The entries follow. Print each one exactly.

BEGIN EXTRACTED DATA

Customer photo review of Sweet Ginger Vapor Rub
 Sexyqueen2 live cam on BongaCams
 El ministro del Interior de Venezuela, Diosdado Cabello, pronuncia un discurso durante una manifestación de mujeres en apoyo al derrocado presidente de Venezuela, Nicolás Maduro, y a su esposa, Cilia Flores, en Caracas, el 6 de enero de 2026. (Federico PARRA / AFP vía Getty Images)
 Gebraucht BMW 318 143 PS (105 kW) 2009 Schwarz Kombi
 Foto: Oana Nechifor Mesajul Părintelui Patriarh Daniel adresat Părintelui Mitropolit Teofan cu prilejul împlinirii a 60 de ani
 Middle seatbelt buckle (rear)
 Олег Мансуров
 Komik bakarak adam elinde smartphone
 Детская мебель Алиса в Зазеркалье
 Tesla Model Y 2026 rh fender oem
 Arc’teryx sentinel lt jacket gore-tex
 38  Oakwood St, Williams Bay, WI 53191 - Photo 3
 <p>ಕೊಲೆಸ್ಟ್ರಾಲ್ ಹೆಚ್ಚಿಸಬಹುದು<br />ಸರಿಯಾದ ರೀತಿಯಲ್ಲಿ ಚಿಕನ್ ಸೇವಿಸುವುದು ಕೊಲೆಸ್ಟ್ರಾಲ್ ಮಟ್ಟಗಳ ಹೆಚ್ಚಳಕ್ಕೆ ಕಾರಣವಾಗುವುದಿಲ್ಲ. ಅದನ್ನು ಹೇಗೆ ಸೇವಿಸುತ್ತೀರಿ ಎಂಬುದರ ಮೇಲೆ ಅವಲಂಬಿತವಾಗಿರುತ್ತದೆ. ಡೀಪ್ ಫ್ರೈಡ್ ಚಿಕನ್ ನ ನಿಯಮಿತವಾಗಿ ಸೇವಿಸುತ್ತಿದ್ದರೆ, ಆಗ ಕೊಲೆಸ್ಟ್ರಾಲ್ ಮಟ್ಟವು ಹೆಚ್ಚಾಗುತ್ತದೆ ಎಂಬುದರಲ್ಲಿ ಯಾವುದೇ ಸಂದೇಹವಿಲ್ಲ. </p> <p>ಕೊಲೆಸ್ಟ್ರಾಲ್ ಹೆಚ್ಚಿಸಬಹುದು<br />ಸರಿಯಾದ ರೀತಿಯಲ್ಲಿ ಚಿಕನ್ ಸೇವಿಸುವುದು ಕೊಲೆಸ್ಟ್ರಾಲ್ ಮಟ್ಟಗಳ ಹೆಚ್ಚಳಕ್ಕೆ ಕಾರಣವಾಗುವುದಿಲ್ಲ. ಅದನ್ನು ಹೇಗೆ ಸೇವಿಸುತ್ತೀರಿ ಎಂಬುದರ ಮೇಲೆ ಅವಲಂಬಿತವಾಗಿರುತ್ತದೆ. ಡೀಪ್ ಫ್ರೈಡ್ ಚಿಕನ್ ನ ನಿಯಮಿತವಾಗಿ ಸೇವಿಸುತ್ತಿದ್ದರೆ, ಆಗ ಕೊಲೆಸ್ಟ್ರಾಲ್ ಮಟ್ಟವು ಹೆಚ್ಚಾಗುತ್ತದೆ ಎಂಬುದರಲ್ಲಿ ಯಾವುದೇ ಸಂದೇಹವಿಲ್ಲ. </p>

END EXTRACTED DATA

YOUR SOLUTION:
Customer photo review of Sweet Ginger Vapor Rub
 Sexyqueen2 live cam on BongaCams
 El ministro del Interior de Venezuela, Diosdado Cabello, pronuncia un discurso durante una manifestación de mujeres en apoyo al derrocado presidente de Venezuela, Nicolás Maduro, y a su esposa, Cilia Flores, en Caracas, el 6 de enero de 2026. (Federico PARRA / AFP vía Getty Images)
 Gebraucht BMW 318 143 PS (105 kW) 2009 Schwarz Kombi
 Foto: Oana Nechifor Mesajul Părintelui Patriarh Daniel adresat Părintelui Mitropolit Teofan cu prilejul împlinirii a 60 de ani
 Middle seatbelt buckle (rear)
 Олег Мансуров
 Komik bakarak adam elinde smartphone
 Детская мебель Алиса в Зазеркалье
 Tesla Model Y 2026 rh fender oem
 Arc’teryx sentinel lt jacket gore-tex
 38  Oakwood St, Williams Bay, WI 53191 - Photo 3
 <p>ಕೊಲೆಸ್ಟ್ರಾಲ್ ಹೆಚ್ಚಿಸಬಹುದು<br />ಸರಿಯಾದ ರೀತಿಯಲ್ಲಿ ಚಿಕನ್ ಸೇವಿಸುವುದು ಕೊಲೆಸ್ಟ್ರಾಲ್ ಮಟ್ಟಗಳ ಹೆಚ್ಚಳಕ್ಕೆ ಕಾರಣವಾಗುವುದಿಲ್ಲ. ಅದನ್ನು ಹೇಗೆ ಸೇವಿಸುತ್ತೀರಿ ಎಂಬುದರ ಮೇಲೆ ಅವಲಂಬಿತವಾಗಿರುತ್ತದೆ. ಡೀಪ್ ಫ್ರೈಡ್ ಚಿಕನ್ ನ ನಿಯಮಿತವಾಗಿ ಸೇವಿಸುತ್ತಿದ್ದರೆ, ಆಗ ಕೊಲೆಸ್ಟ್ರಾಲ್ ಮಟ್ಟವು ಹೆಚ್ಚಾಗುತ್ತದೆ ಎಂಬುದರಲ್ಲಿ ಯಾವುದೇ ಸಂದೇಹವಿಲ್ಲ. </p> <p>ಕೊಲೆಸ್ಟ್ರಾಲ್ ಹೆಚ್ಚಿಸಬಹುದು<br />ಸರಿಯಾದ ರೀತಿಯಲ್ಲಿ ಚಿಕನ್ ಸೇವಿಸುವುದು ಕೊಲೆಸ್ಟ್ರಾಲ್ ಮಟ್ಟಗಳ ಹೆಚ್ಚಳಕ್ಕೆ ಕಾರಣವಾಗುವುದಿಲ್ಲ. ಅದನ್ನು ಹೇಗೆ ಸೇವಿಸುತ್ತೀರಿ ಎಂಬುದರ ಮೇಲೆ ಅವಲಂಬಿತವಾಗಿರುತ್ತದೆ. ಡೀಪ್ ಫ್ರೈಡ್ ಚಿಕನ್ ನ ನಿಯಮಿತವಾಗಿ ಸೇವಿಸುತ್ತಿದ್ದರೆ, ಆಗ ಕೊಲೆಸ್ಟ್ರಾಲ್ ಮಟ್ಟವು ಹೆಚ್ಚಾಗುತ್ತದೆ ಎಂಬುದರಲ್ಲಿ ಯಾವುದೇ ಸಂದೇಹವಿಲ್ಲ. </p>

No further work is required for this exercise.